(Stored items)
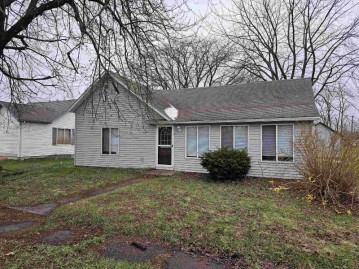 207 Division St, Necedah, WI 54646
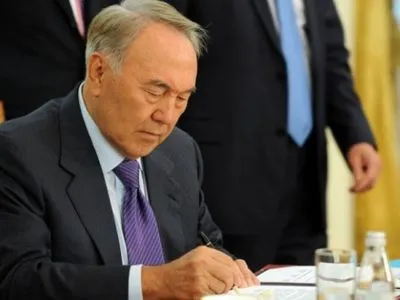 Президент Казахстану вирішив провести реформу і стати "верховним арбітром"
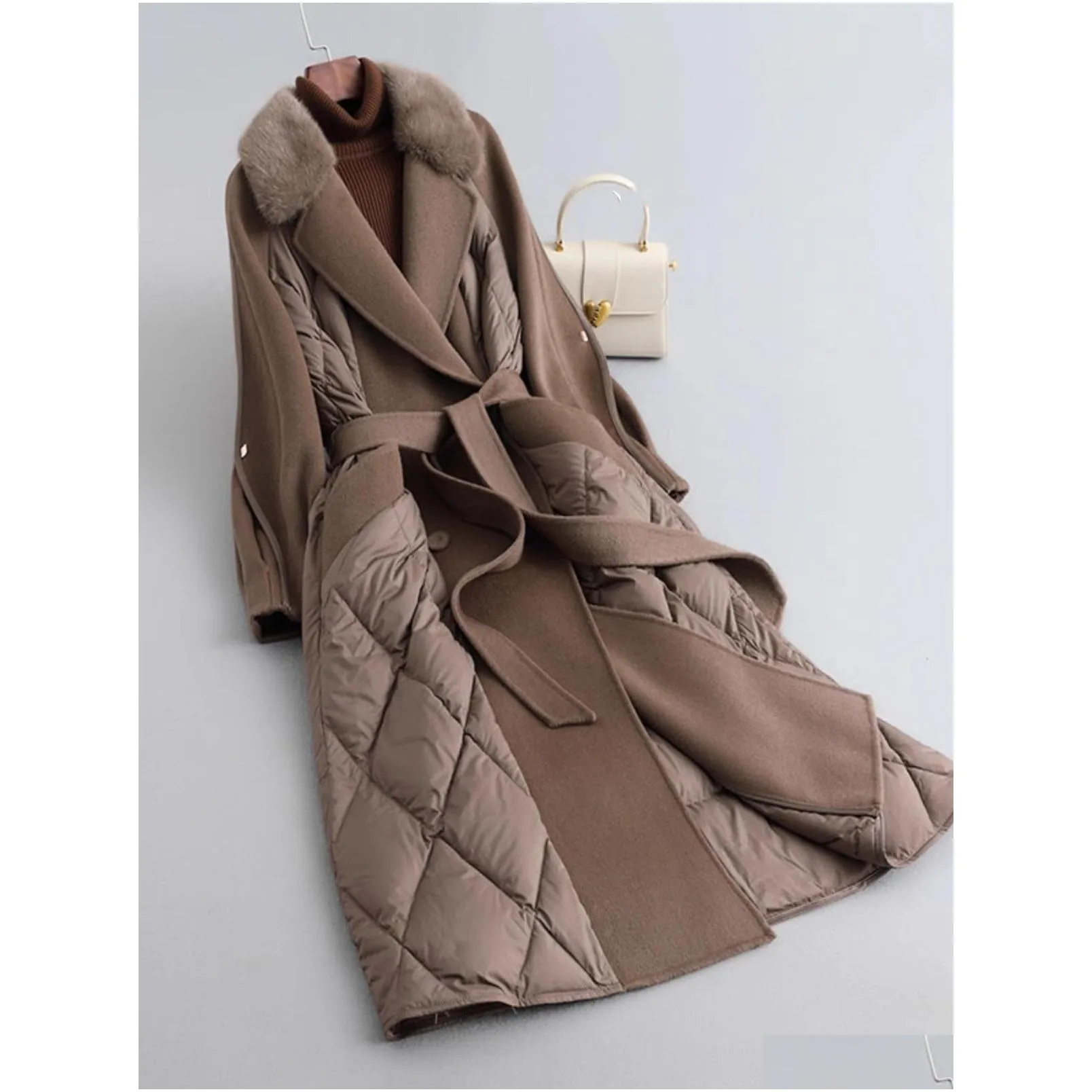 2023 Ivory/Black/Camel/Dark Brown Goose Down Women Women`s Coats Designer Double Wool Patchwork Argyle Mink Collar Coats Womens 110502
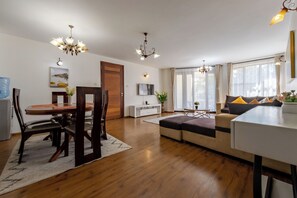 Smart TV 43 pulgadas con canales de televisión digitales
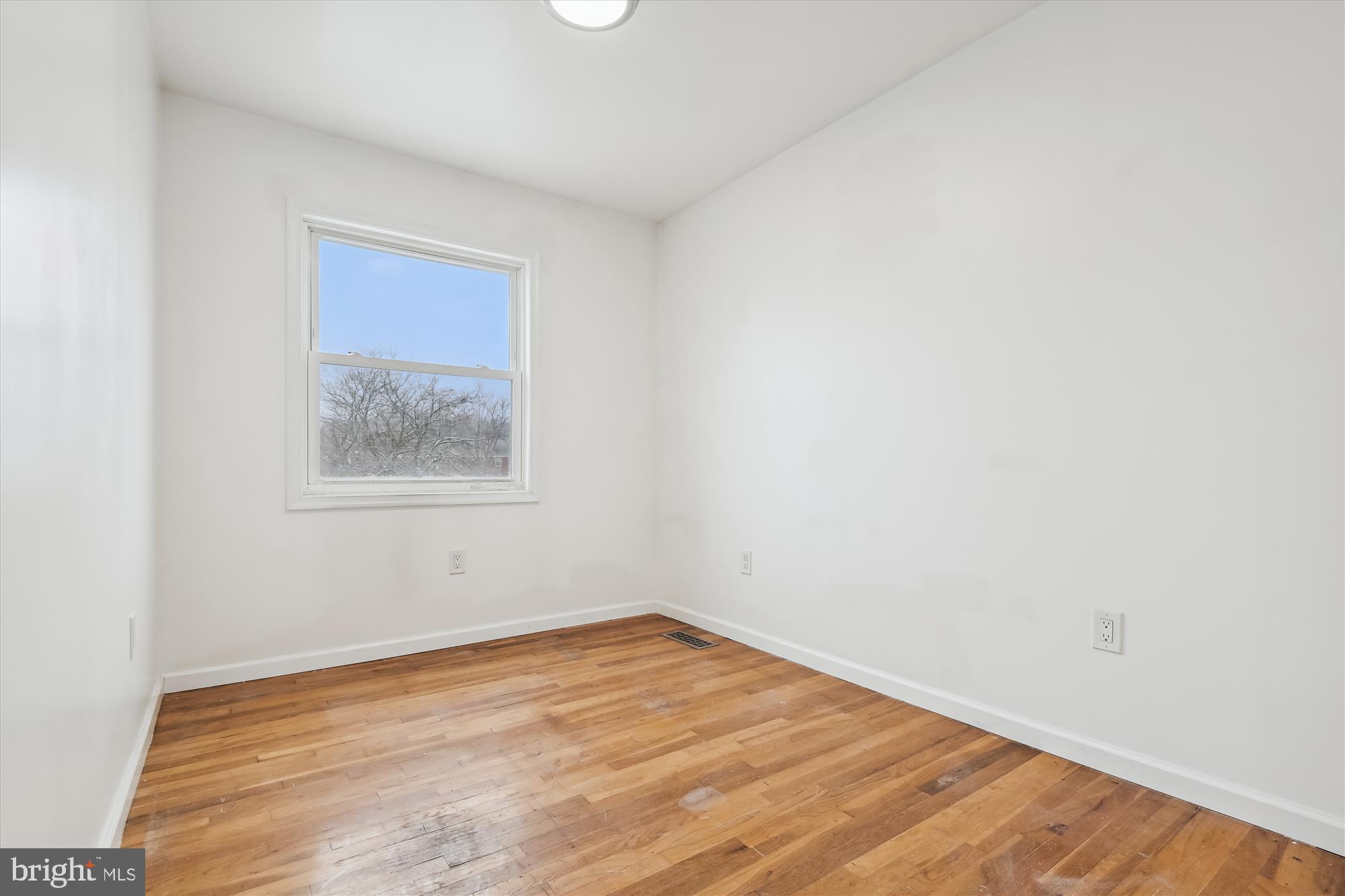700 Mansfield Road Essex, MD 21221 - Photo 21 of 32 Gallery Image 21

- _What you need to do_: Give back word for word the lines from the one containing "Президент Казахстану вирішив" through the final line of the data above. Pictures are to be left out.

- _Solution to this problem_:
 Президент Казахстану вирішив провести реформу і стати "верховним арбітром"
 2023 Ivory/Black/Camel/Dark Brown Goose Down Women Women`s Coats Designer Double Wool Patchwork Argyle Mink Collar Coats Womens 110502
 Smart TV 43 pulgadas con canales de televisión digitales
700 Mansfield Road Essex, MD 21221 - Photo 21 of 32 Gallery Image 21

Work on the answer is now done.